About this task: Go to the line containing "Pour water into" in the records below and print it and every following line exactly, on through the line containing "T-Shirt Classic Kiji", then stop.

───── Records for processing

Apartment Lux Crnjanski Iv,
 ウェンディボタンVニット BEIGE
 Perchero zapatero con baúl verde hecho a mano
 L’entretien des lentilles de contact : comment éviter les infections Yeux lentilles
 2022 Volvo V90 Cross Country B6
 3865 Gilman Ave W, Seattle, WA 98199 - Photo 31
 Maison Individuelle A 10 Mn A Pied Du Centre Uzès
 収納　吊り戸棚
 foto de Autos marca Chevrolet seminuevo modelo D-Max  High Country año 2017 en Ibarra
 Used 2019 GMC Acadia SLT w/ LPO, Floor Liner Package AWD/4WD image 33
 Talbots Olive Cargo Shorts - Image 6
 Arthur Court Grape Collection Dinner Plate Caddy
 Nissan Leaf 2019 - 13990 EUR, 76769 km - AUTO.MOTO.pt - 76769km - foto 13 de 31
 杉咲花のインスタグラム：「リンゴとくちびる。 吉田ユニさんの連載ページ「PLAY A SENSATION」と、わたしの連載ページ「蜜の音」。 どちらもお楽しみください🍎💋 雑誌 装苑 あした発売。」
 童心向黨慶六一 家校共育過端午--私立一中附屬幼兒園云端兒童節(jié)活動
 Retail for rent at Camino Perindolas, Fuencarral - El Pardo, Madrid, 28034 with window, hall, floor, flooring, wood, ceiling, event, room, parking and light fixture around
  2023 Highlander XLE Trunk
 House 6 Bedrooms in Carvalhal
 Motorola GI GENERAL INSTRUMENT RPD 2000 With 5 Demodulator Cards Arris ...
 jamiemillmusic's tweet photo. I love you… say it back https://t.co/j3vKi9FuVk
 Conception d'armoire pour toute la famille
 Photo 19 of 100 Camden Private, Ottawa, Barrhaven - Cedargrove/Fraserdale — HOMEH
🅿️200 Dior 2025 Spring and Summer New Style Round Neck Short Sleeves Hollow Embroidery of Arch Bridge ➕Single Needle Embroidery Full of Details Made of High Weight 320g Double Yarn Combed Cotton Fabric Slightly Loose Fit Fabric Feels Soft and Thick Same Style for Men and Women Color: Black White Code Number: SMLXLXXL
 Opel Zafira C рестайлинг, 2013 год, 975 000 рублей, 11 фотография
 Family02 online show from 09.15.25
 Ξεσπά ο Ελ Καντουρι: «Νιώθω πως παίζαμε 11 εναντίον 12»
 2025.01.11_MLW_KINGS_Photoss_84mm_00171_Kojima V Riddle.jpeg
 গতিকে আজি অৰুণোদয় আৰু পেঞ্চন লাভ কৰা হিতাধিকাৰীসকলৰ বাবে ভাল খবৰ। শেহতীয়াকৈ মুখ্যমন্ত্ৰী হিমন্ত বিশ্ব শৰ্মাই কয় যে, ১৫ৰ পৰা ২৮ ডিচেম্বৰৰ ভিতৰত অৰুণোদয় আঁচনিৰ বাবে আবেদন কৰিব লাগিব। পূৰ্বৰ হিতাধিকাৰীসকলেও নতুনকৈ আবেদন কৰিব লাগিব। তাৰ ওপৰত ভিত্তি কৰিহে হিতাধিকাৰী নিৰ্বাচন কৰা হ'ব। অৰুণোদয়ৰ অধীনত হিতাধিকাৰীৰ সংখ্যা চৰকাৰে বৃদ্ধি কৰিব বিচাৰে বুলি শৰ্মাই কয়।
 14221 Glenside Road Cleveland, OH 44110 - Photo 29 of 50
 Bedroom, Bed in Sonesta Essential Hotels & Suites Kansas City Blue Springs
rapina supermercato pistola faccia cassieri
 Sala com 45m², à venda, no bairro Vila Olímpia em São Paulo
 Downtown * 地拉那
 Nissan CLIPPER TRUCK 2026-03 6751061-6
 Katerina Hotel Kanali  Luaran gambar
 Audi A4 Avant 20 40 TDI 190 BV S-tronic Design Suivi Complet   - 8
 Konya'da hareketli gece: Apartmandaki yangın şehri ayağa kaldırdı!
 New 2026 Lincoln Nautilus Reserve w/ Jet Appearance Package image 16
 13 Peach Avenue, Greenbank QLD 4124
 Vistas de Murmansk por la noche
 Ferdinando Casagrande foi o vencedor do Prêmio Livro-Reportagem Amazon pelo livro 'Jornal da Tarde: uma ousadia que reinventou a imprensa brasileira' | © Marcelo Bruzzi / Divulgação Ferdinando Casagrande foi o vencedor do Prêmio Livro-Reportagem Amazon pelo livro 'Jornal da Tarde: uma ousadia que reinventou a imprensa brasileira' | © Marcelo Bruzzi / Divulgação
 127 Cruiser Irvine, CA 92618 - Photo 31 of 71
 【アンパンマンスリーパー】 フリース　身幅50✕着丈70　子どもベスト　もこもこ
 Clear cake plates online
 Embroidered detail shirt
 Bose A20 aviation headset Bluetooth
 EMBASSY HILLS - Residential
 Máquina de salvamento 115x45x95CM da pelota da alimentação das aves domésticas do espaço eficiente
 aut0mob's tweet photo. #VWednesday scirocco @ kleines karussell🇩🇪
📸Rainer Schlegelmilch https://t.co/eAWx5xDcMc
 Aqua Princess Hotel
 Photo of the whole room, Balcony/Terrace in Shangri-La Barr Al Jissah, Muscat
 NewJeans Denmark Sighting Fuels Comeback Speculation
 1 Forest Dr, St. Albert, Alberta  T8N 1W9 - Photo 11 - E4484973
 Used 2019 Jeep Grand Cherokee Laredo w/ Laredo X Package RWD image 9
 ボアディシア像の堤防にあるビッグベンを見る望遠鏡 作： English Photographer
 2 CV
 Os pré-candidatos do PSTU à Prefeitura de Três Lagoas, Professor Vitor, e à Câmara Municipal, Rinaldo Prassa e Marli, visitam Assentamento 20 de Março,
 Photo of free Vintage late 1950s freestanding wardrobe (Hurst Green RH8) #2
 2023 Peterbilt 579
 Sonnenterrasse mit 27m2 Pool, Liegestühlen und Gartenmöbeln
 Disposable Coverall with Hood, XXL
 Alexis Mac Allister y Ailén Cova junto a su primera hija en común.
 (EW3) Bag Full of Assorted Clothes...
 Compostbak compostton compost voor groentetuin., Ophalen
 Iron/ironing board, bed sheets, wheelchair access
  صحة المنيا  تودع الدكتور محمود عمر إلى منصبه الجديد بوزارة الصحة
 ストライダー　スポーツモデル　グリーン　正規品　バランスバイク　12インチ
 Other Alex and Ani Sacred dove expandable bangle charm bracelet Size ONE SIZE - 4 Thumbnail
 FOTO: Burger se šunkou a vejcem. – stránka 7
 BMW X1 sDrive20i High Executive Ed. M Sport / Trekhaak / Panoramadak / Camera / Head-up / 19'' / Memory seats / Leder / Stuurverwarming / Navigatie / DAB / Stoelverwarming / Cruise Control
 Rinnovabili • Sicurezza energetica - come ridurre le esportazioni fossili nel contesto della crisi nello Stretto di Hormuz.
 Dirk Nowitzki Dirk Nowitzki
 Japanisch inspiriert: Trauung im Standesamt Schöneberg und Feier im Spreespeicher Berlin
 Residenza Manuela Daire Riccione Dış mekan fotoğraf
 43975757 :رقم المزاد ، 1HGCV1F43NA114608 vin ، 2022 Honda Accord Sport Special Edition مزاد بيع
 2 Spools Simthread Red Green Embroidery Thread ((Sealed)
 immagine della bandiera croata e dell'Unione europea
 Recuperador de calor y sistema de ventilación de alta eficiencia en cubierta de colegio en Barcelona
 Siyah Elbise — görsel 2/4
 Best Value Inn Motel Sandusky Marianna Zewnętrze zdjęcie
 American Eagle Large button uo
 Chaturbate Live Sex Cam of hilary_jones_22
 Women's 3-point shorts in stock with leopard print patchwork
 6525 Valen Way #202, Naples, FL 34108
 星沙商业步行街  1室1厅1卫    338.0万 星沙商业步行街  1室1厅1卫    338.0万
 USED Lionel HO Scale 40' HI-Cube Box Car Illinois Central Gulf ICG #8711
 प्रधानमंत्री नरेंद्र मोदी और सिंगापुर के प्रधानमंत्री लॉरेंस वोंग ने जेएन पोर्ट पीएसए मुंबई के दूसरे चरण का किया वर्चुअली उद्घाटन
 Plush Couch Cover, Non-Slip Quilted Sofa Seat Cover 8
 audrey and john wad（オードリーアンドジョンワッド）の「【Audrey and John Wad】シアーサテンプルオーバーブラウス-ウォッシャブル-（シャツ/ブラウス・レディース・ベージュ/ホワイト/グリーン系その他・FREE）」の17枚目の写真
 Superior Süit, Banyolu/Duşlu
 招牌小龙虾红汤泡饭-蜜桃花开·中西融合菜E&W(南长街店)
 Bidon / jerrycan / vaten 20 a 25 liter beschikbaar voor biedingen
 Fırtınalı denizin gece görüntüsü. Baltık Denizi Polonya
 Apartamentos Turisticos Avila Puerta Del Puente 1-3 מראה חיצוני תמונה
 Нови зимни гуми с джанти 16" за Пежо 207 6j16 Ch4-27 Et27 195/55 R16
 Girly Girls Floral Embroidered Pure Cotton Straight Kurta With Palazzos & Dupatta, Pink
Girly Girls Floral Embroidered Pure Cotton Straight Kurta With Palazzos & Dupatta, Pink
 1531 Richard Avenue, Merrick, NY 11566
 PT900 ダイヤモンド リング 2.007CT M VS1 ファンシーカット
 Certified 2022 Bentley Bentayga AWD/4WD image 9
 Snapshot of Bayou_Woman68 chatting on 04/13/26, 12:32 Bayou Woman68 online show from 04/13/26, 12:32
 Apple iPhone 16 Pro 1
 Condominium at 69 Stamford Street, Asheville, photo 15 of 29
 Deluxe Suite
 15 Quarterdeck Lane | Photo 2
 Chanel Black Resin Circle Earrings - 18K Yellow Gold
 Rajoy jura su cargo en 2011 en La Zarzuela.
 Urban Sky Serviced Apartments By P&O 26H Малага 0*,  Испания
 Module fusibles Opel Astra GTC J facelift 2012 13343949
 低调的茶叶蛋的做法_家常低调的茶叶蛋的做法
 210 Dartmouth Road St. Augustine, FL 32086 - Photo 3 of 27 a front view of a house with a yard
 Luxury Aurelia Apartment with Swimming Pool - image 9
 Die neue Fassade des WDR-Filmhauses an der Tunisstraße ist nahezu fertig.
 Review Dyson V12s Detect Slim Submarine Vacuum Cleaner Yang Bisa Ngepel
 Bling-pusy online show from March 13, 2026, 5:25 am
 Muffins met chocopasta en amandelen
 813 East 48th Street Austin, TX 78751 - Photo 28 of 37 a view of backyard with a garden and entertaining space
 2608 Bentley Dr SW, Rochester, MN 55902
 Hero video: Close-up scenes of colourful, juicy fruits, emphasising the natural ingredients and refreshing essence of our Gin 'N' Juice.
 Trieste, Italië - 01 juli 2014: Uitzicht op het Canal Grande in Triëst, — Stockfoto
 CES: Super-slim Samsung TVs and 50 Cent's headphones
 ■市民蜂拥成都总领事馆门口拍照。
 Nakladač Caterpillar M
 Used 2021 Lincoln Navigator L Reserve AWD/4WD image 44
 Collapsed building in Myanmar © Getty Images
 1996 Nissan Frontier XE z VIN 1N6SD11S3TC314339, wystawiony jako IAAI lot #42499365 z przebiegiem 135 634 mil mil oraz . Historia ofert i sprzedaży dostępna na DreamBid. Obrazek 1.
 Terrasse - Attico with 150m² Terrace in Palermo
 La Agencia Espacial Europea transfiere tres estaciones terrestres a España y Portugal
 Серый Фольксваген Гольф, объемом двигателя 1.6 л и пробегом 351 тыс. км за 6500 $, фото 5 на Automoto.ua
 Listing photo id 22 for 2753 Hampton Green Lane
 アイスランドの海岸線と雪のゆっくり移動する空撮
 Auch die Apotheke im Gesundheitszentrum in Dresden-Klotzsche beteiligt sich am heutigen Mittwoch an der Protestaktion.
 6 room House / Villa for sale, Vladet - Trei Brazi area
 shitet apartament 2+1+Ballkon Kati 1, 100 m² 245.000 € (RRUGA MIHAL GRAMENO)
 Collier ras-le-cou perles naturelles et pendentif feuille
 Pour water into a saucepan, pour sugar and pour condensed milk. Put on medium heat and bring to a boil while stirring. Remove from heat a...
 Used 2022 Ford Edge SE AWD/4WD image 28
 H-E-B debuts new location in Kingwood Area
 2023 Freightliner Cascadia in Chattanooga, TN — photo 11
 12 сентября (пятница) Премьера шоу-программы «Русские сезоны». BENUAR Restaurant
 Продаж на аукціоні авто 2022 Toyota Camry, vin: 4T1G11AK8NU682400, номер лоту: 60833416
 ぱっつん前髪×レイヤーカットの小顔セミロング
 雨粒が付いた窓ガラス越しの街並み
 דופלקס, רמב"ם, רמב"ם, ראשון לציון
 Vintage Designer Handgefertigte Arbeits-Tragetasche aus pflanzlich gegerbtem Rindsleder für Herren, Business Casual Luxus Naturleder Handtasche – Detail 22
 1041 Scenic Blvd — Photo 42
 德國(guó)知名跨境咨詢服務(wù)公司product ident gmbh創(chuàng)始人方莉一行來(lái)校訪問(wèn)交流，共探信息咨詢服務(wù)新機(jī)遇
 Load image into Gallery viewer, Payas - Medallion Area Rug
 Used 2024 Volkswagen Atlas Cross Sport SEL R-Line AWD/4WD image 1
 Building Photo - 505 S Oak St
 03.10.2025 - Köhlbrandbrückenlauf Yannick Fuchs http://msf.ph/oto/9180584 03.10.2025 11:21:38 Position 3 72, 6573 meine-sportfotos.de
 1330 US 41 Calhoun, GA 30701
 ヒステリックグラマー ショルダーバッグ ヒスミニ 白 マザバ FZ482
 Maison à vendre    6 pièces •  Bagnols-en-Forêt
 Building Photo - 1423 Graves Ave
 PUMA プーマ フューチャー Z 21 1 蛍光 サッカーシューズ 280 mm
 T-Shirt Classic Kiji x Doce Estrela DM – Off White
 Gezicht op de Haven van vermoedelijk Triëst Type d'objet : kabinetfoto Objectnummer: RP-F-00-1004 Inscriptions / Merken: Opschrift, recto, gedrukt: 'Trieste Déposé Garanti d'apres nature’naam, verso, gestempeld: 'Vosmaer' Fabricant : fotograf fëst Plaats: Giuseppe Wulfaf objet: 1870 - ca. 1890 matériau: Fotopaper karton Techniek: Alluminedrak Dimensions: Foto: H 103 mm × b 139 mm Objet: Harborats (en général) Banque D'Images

──────────

Exercise result:
 Pour water into a saucepan, pour sugar and pour condensed milk. Put on medium heat and bring to a boil while stirring. Remove from heat a...
 Used 2022 Ford Edge SE AWD/4WD image 28
 H-E-B debuts new location in Kingwood Area
 2023 Freightliner Cascadia in Chattanooga, TN — photo 11
 12 сентября (пятница) Премьера шоу-программы «Русские сезоны». BENUAR Restaurant
 Продаж на аукціоні авто 2022 Toyota Camry, vin: 4T1G11AK8NU682400, номер лоту: 60833416
 ぱっつん前髪×レイヤーカットの小顔セミロング
 雨粒が付いた窓ガラス越しの街並み
 דופלקס, רמב"ם, רמב"ם, ראשון לציון
 Vintage Designer Handgefertigte Arbeits-Tragetasche aus pflanzlich gegerbtem Rindsleder für Herren, Business Casual Luxus Naturleder Handtasche – Detail 22
 1041 Scenic Blvd — Photo 42
 德國(guó)知名跨境咨詢服務(wù)公司product ident gmbh創(chuàng)始人方莉一行來(lái)校訪問(wèn)交流，共探信息咨詢服務(wù)新機(jī)遇
 Load image into Gallery viewer, Payas - Medallion Area Rug
 Used 2024 Volkswagen Atlas Cross Sport SEL R-Line AWD/4WD image 1
 Building Photo - 505 S Oak St
 03.10.2025 - Köhlbrandbrückenlauf Yannick Fuchs http://msf.ph/oto/9180584 03.10.2025 11:21:38 Position 3 72, 6573 meine-sportfotos.de
 1330 US 41 Calhoun, GA 30701
 ヒステリックグラマー ショルダーバッグ ヒスミニ 白 マザバ FZ482
 Maison à vendre    6 pièces •  Bagnols-en-Forêt
 Building Photo - 1423 Graves Ave
 PUMA プーマ フューチャー Z 21 1 蛍光 サッカーシューズ 280 mm
 T-Shirt Classic Kiji x Doce Estrela DM – Off White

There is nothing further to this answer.